▶ _Stored data entries_
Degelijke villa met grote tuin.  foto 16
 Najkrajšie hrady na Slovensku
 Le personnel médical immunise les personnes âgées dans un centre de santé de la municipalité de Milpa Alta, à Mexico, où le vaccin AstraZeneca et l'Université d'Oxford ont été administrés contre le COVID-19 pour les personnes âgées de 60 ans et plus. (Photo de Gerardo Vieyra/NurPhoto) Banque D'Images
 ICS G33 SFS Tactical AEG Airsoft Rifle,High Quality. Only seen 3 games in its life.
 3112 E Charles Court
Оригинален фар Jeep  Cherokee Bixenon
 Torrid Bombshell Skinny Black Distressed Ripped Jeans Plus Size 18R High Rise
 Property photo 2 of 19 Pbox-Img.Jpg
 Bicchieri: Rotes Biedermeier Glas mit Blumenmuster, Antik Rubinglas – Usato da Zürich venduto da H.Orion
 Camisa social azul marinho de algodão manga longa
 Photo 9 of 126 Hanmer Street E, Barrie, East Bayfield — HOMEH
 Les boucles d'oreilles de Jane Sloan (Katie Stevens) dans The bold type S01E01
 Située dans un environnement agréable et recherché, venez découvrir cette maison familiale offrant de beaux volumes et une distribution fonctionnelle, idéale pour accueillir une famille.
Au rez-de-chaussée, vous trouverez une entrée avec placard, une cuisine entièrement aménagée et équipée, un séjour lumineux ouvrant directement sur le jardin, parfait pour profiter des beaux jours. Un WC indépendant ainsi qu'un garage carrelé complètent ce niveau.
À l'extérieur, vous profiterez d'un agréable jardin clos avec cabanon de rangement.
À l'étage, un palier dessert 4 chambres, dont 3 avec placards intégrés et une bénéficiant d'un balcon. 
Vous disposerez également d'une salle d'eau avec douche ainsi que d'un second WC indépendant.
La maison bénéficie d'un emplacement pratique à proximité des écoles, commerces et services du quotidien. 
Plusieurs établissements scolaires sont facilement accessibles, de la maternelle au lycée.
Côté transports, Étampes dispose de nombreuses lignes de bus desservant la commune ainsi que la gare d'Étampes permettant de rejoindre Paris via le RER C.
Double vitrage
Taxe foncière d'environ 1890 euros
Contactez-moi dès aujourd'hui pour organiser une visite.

▶ _TASK BRIEF_
Collect every line from the records above that contains the word "agréable".

▶ _EXERCISE RESPONSE_
 Située dans un environnement agréable et recherché, venez découvrir cette maison familiale offrant de beaux volumes et une distribution fonctionnelle, idéale pour accueillir une famille.
À l'extérieur, vous profiterez d'un agréable jardin clos avec cabanon de rangement.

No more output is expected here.